_TASK DIRECTIONS_
Look below for the line with "and Boomboxes SiriusXM" and the line with "Bmw 320 320d 48V xDrive Touring Luxury". Copy exactly those two lines and every line between, but not the pictures.

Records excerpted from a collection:

------------------------------

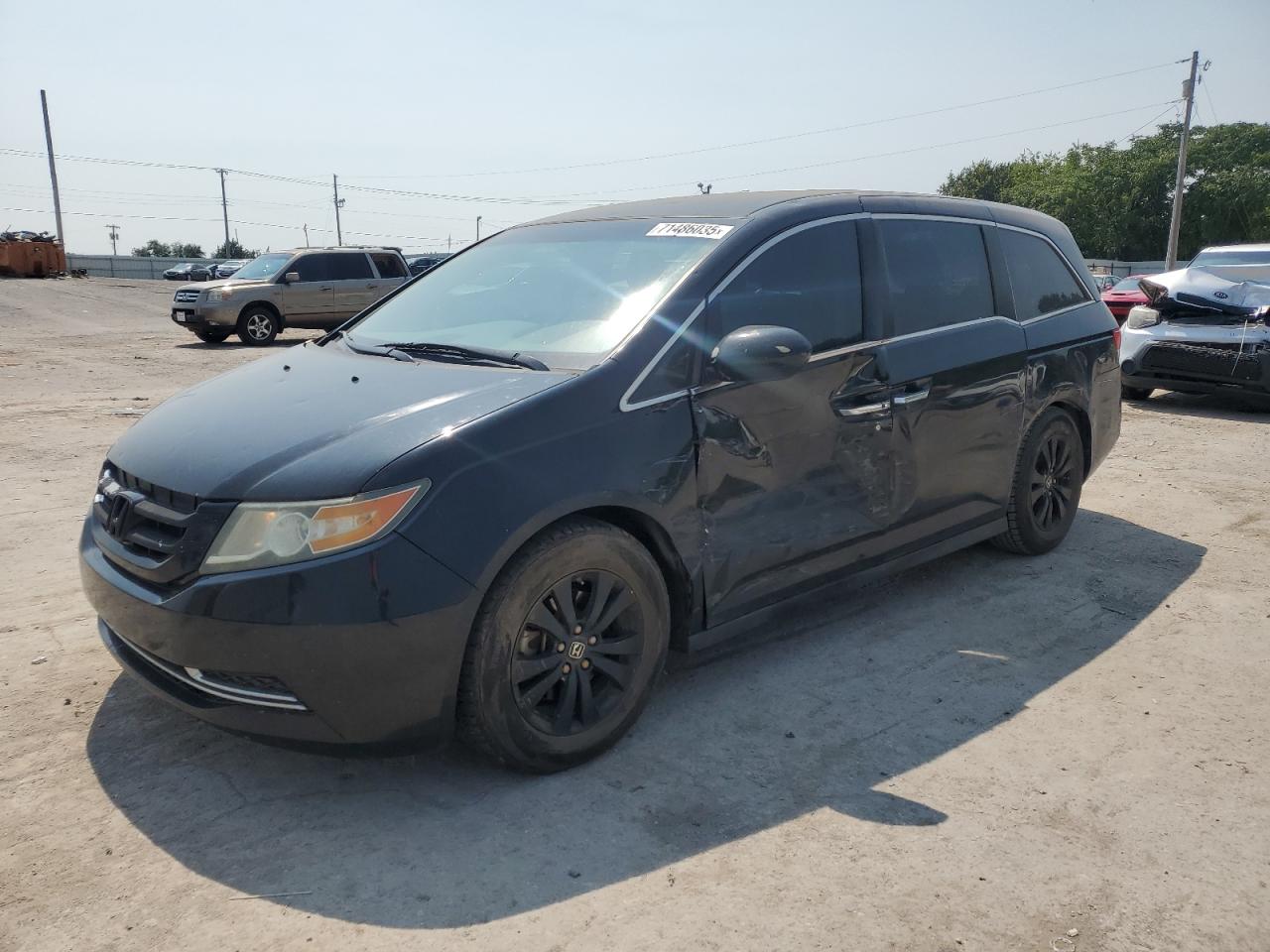 2014 Honda Odyssey ex
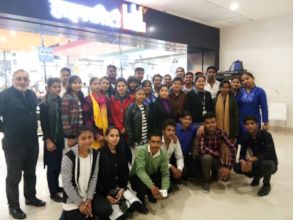 Orientation Visit for Skill students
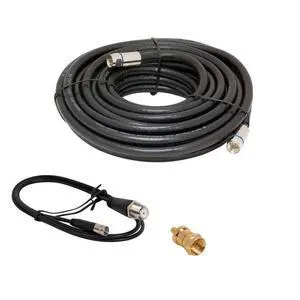 SiriusXM Satellite Radio 75 Foot RG6 Coaxial Cable Antenna Cable Extension Kit Works with All Sirius, XM and SiriusXM Radio Receivers and Boomboxes SiriusXM Satellite Radio 75 Foot RG6 Coaxial Cable Antenna Cable Extension Kit Works with All Sirius, XM and SiriusXM Radio Receivers and Boomboxes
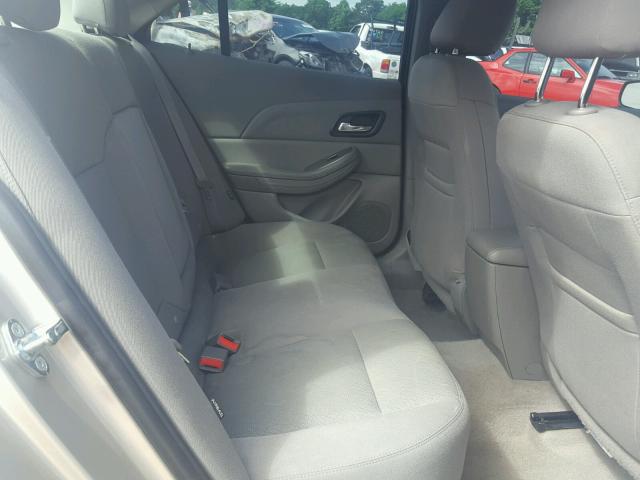 1G11B5SL9FF350258 - 2015 CHEVROLET MALIBU LS 棕色 照片 6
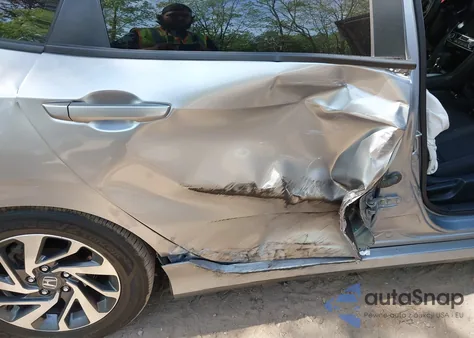 2016 Honda Civic Ex из США, поврежденный, VIN 2HGFC2F77GH531320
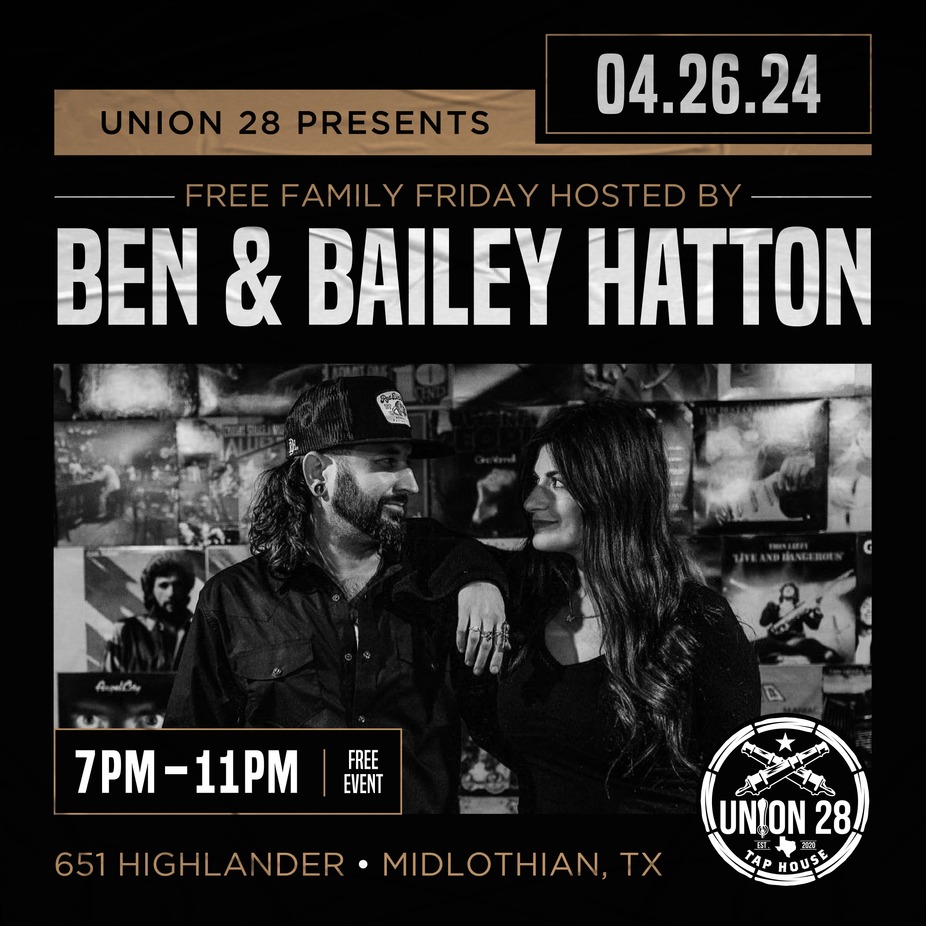 The Hattons (Ben & Bailey) Acoustic event photo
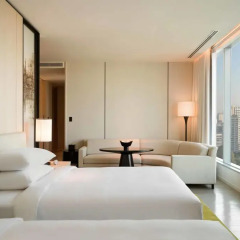 Отель Park Hyatt Bangkok 5* Стандартный номер с 2 отдельными кроватями фото 5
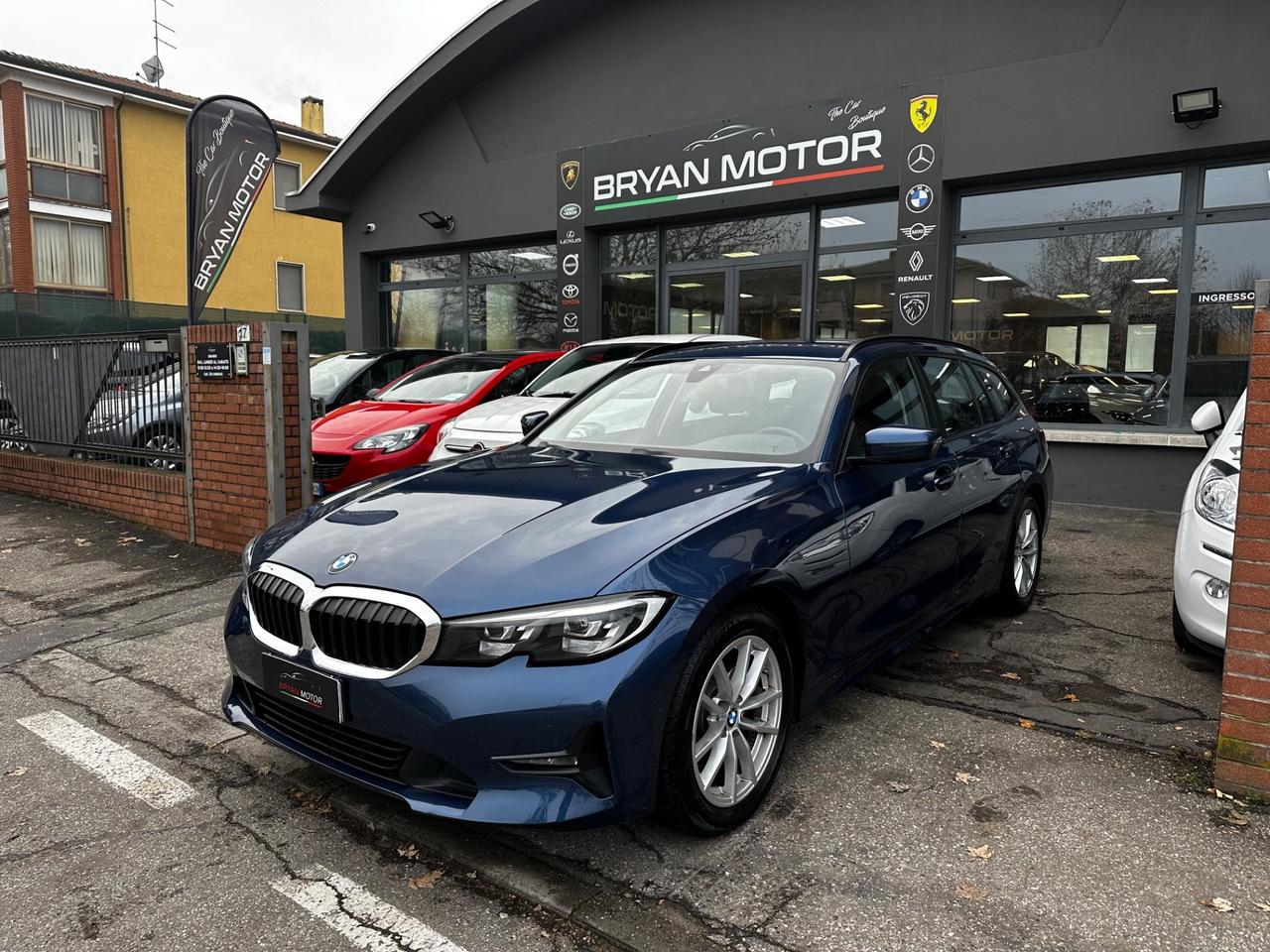 Bmw 320 320d 48V xDrive Touring Luxury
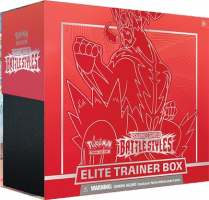 Pokémon TCG Battle Styles Elite Trainer Box Single Strike Urshifu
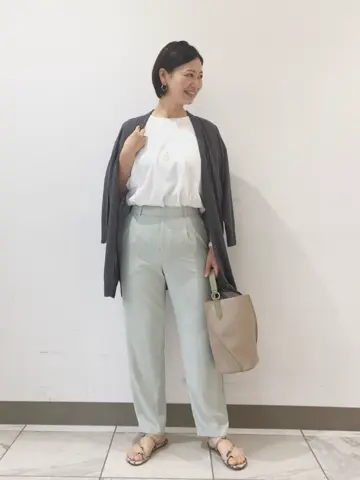 組曲 スタッフ コーディネート画像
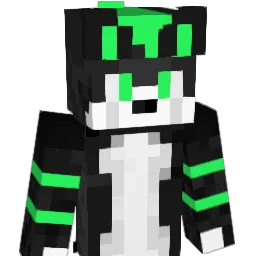 HarcyRaszkowski Minecraft avatar bust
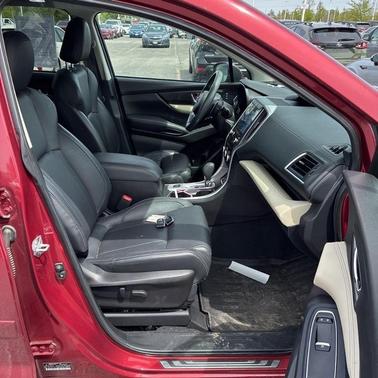 Crimson Red Pearl 2021 Subaru Ascent Limited 7-Passenger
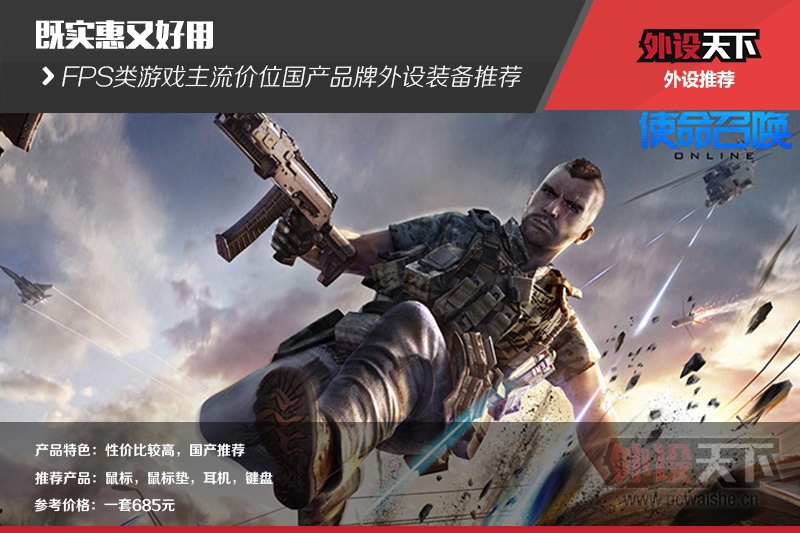 FPS����Ϸ������λ����Ʒ������װ���Ƽ�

------------------------------

_RESPONSE BOX_
 SiriusXM Satellite Radio 75 Foot RG6 Coaxial Cable Antenna Cable Extension Kit Works with All Sirius, XM and SiriusXM Radio Receivers and Boomboxes SiriusXM Satellite Radio 75 Foot RG6 Coaxial Cable Antenna Cable Extension Kit Works with All Sirius, XM and SiriusXM Radio Receivers and Boomboxes
 1G11B5SL9FF350258 - 2015 CHEVROLET MALIBU LS 棕色 照片 6
 2016 Honda Civic Ex из США, поврежденный, VIN 2HGFC2F77GH531320
 The Hattons (Ben & Bailey) Acoustic event photo
 Отель Park Hyatt Bangkok 5* Стандартный номер с 2 отдельными кроватями фото 5
 Bmw 320 320d 48V xDrive Touring Luxury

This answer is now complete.